In this section we report on an implementation of the teacher and learner algorithm computing teaching size according to time-bounded program length preference: \(TS_l^f\). We thus compute the \(D_{\ge 1}\)-Teaching Book of P3 programs ordered by teaching size. We choose a constant time limit function \(f(n)=2000\) for all n. This is large enough, given the maximum size of our i/o-pairs that the lookup-table programs can run to completion, and for the course of the experiment we believe the time limit is only reached by non-halting programs. Table 2 gives some (pw) pairs, of programs and example sets, that the teacher will find.

Table 2 Sample of pairs of programs and witnesses (pw) found by the teacher

In our experiments, we fill a teaching book up to the size of at most 7 alphabet characters in the example set. We got a total of 111,569 example sets. From this set we removed those example sets that are contradictory, those with repeated pairs, and those where all the outputs are empty, since they identify the empty program. This way 17,252 example sets remain.

For each of the 17,252 example sets, a P3 program was found, with some programs identified by many example sets. The final \(D_{\ge 1}\)-Teaching Book contains 5062 distinct programs and their witnesses, i.e., the smallest example set that identifies them. In Table 3, we show some witnesses and their corresponding P3 program in the teaching book.

Table 3 Some programs and witnesses belonging to the teaching book

Of the 5062 programs in the \(D_{\ge 1}\)-Teaching Book 663 have a witness with a single i/o-pair, 2563 with two i/o pairs, 1689 with three i/o pairs and 147 with four i/o pairs. In Table 4 we see the frequency of programs in the \(D_{\ge 1}\)-Teaching Book according to the number of alphabet symbols in the witness set.

Table 4 Number of programs and number of alphabet symbols in experiment \(D_{\ge 1}\)

Teaching size compared to teaching dimension 1

Let us now describe a second experiment, denoted by \(D_{=1}\), in which the teacher considers only example sets consisting of a single i/o pair, generating these by increasing size, thus filling a \(D_{=1}\)-Teaching Book with programs having teaching dimension 1 under the preference-based order given by \(\prec \) and time complexity function f. Let us first show that if we do not halt this process it will continue filling the teaching book indefinitely, since there is an infinity of distinct concepts with teaching dimension one.

Lemma 1

For any integer n, the \(D_{=1}\)-Teaching Book, will eventually include a program of teaching size at least n.

Proof

By contradiction. Suppose not, it means the \(D_{=1}\)-Teaching Book would not grow beyond some k programs.
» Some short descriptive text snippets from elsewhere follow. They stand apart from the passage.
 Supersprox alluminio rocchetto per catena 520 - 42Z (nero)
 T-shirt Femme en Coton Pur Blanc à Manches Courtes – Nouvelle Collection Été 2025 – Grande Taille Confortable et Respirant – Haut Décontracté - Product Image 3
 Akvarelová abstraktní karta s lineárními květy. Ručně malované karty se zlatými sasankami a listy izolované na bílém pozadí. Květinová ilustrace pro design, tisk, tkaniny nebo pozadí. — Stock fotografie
But then, say on the empty input \(\epsilon \), these k programs can only output at most k distinct outputs. If we take some output x not among these k then there is a smallest program p that on empty input hard-codes the output x. This program would in fact be added to the \(D_{=1}\)-Teaching Book when running on example set \((\epsilon ,x)\), since the hard-coded program is allowed to run to completion regardless of the choice of f, contradicting that \(D_{=1}\)-Teaching Book had only k programs. \(\square \)

For the experiment we choose a constant time limit function \(f(n)=200\) for all n, since the lookup-table program of a single fixed i/o-pair, for the sizes we consider, will not need more than this number of steps. We limit the size of witnesses to at most 9 alphabet symbols. For each binary string of size k and note that this string can be broken up to form a single i/o-pair in \(k+1\) distinct ways. Thus the number of example sets up to size n is in this case given by \(\sum _{0 \le k \le n} (k+1)2^k\) and for our limit of \(n=9\) this gives 9217 example sets. For all these example sets a program was found and the final \(D_{=1}\)-Teaching Book contained 3227 distinct programs and their witnesses. Table 5 shows some programs and witnesses in the \(D_{=1}\)-Teaching Book.
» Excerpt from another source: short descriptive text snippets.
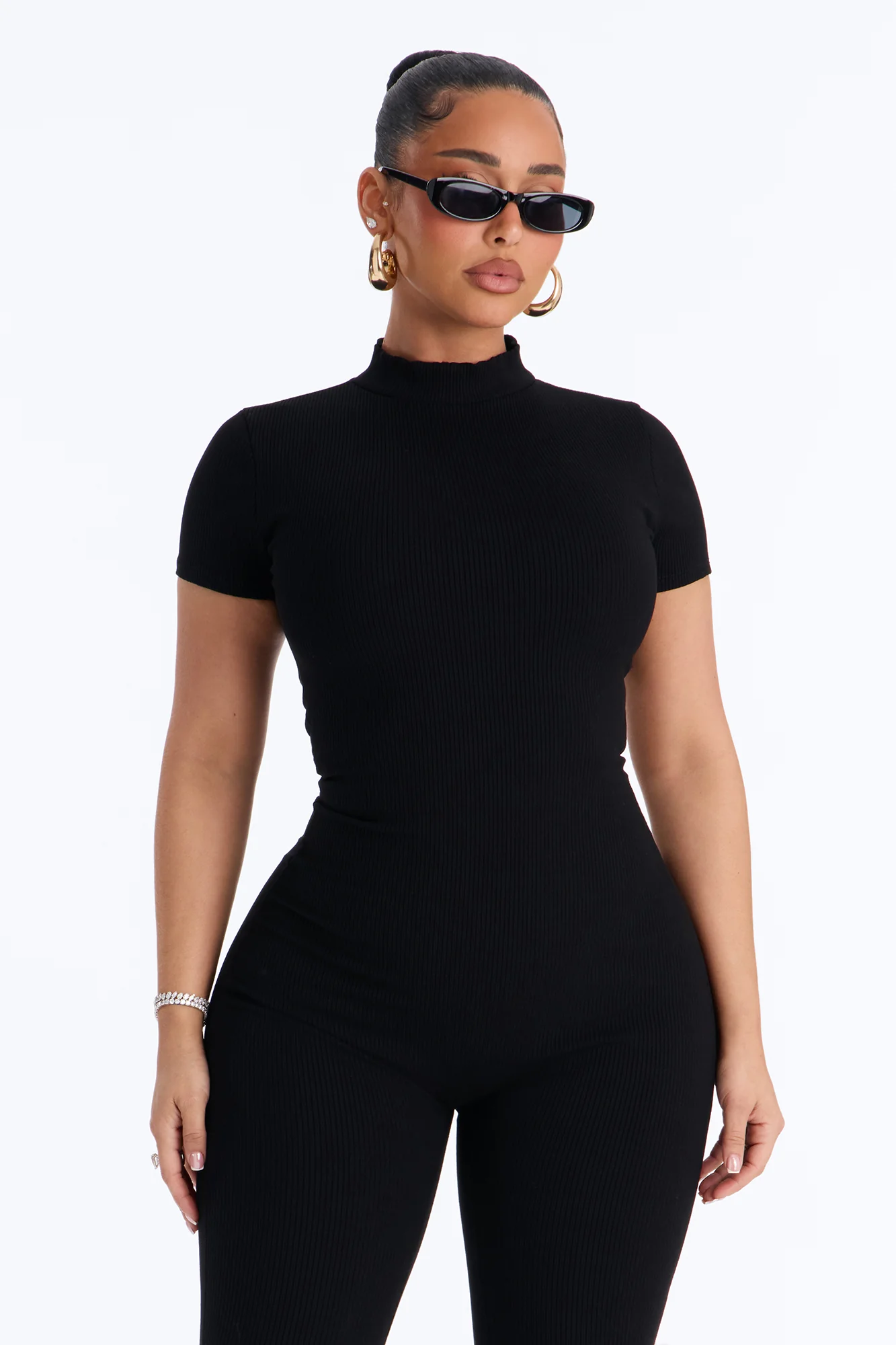 Maribel Short Sleeve Capri Jumpsuit - Black - Image 2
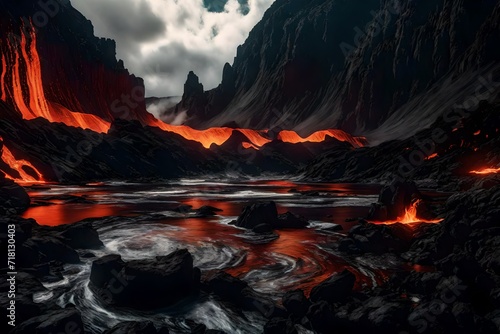 A volcanic landscape with molten lava flowing in wavy streams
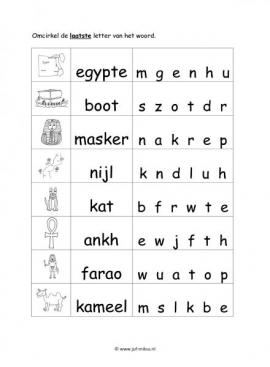 Werkblad egyptenaren - Eindletter moeilijk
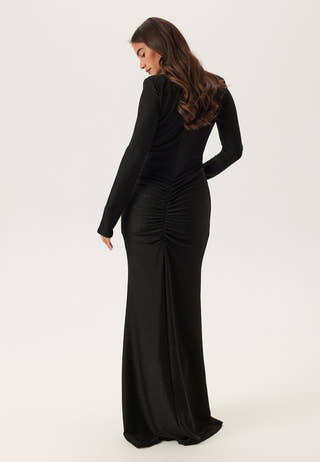 Sparkling Low V-neck  Slit Gown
Table 5 Some program and witness pairs in the teaching book of experiment \(D_{=1}\)

For this experiment we have some observations on the correlation between the size of the input and output of the witness set and the length of the program. First, the length of the programs is highly correlated with the size of outputs and inversely correlated with the size of inputs. When we have short inputs the identified program usually hard-codes the output for that particular example. Given an output of size k, we will need at worst 2 \(\times k\) instructions to obtain the desired output: one instruction to get the correct value in the pointer cell (\({\texttt {+}}\) or \({\texttt {-}}\)), and the o instruction. The length of the programs seems to follow a normal distribution. The median is 9 instructions. If we compare the frequency of example sets identifying a program with respect to size, we see that short programs are identified by more example sets, this is also expressed by the negative correlation of these two variables.
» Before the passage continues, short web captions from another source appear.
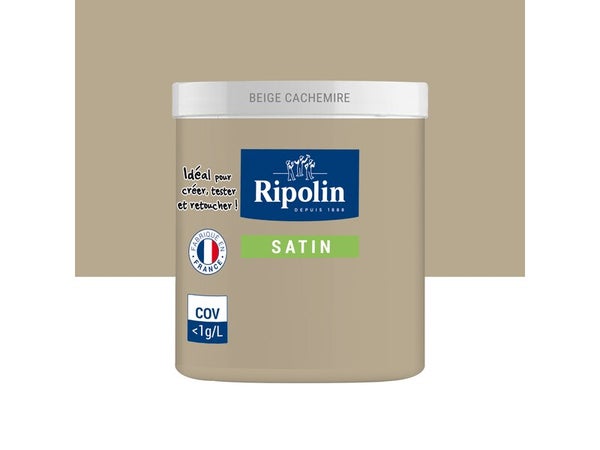 Testeur de peinture intérieur mur / boiserie / radiateur, RIPOLIN, 0.075 L beige cachemire satiné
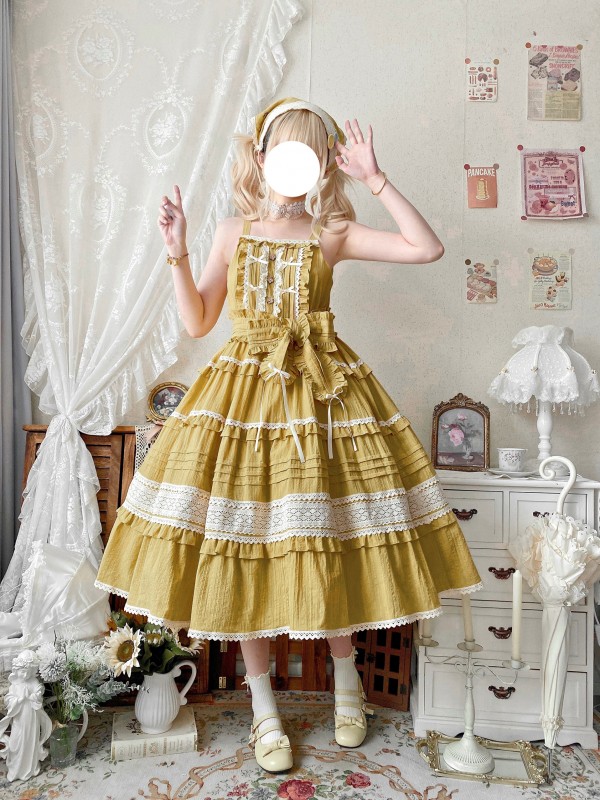 Yellow Sweet Pastoral Style Lolita Long Skirt JSK Loose Sack Skirt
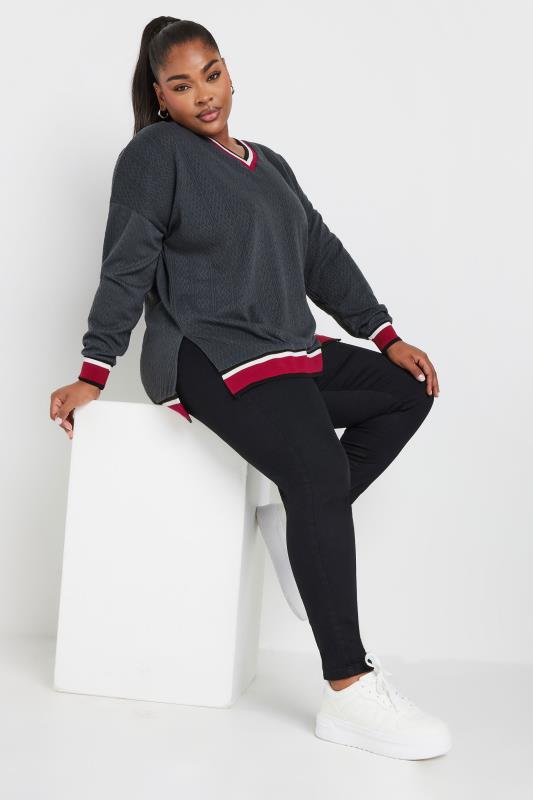 YOURS Plus Size Grey V-Neck Knit Sweatshirt | Yours Clothing  2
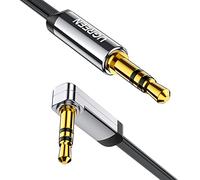 UGREEN Aux Cable Right Angle 3.5mm to 3.5mm Audio Lead Stereo Headphone Mini Jack Male to Male Auxiliary Cord Flat 90° Compatible with Car Aux iPhone iPad iPod TV PC Tablet Laptop MP3 Speaker (2M)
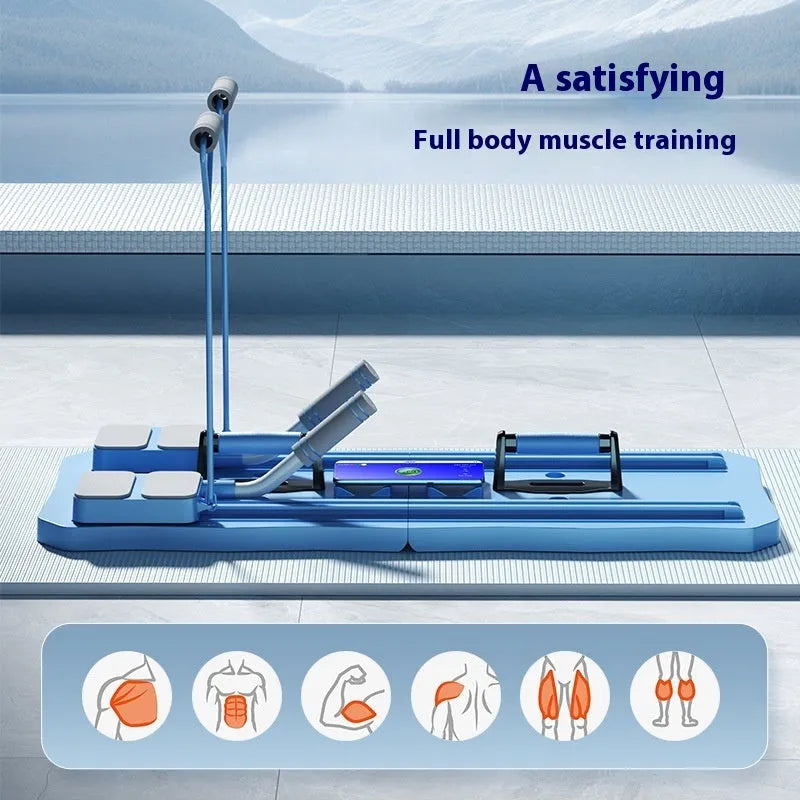 Blue multi-functional fitness board with abdominal wheel for home workouts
Let us compare witness size and program length for the two teaching books. In Fig. 1 we see two scatter plots giving this information. It is clear that the programs in the \(D_{\ge 1}\)-Teaching Book, even though there are more of them (for visibility the scales are different), are generally smaller. The \(D_{=1}\)-Teaching Book contains many (long) hard-coded programs, since hard-coding is more prevalent when having to satisfy only a single i/o-pair. Also, we notice in both cases a correlation between program length and witness size (which may become tighter if we calculate the books for larger witness sets), and that the bulk of the witnesses, unsurprisingly as there are more larger example sets, are towards the high end.

Fig. 1
figure1

Scatter plot of programs according to their witness size, in the \(D_{\ge 1}\)-Teaching Book (left, witness cardinality greater than or equal to 1) and the \(D_{=1}\)-Teaching Book (right, witness cardinality equal to 1). Sizes of the circles are proportional to the number of entries

There were 5062 programs in \(D_{\ge 1}\) and 3227 in \(D_{=1}\), with 543 programs being in common to both teaching books. For each of these programs, we want to compare the size of their witness set in the two teaching books. In Fig. 2 we include a scatter plot where each circle represents a group of these 543 programs, sharing the same pair of sizes of witness encodings. The size of the circle represent the number of programs in the group. The \(x\)-axis represents the size of the witness set in the \(D_{= 1}\)-Teaching Book, while the \(y\)-axis represents the size of the witness set in the \(D_{\ge 1}\)-Teaching Book. As expected, no programs are above the diagonal, as the \(D_{\ge 1}\)-Teaching Book is built to minimize size.

Fig. 2
figure2

Comparing size of witnesses in experiment \(D_{=1}\) (\(x\)-axis) and experiment \(D_{\ge 1}\) (\(y\)-axis). Sizes of the circles are proportional to the number of entries

For programs on the diagonal the two sizes are identical, but there are some exceptions (43 programs). In these cases the size in the \(D_{\ge 1}\)-Teaching Book is smaller, see Table 6. For example, the program \({\texttt {+[o}} > {\texttt {]-o}}\) which is basically “increase cell, loop outputting and move right while 0 or 1, decrease the final cell (which must be a ‘.’) and output” has the \(D_{= 1}\) witness \(\{\langle 0000,10001\rangle \}\) and the \(D_{\ge 1}\) witness \(\{\langle ,10\rangle ,\langle 1,1\rangle \}\). Size goes from 9 to 4.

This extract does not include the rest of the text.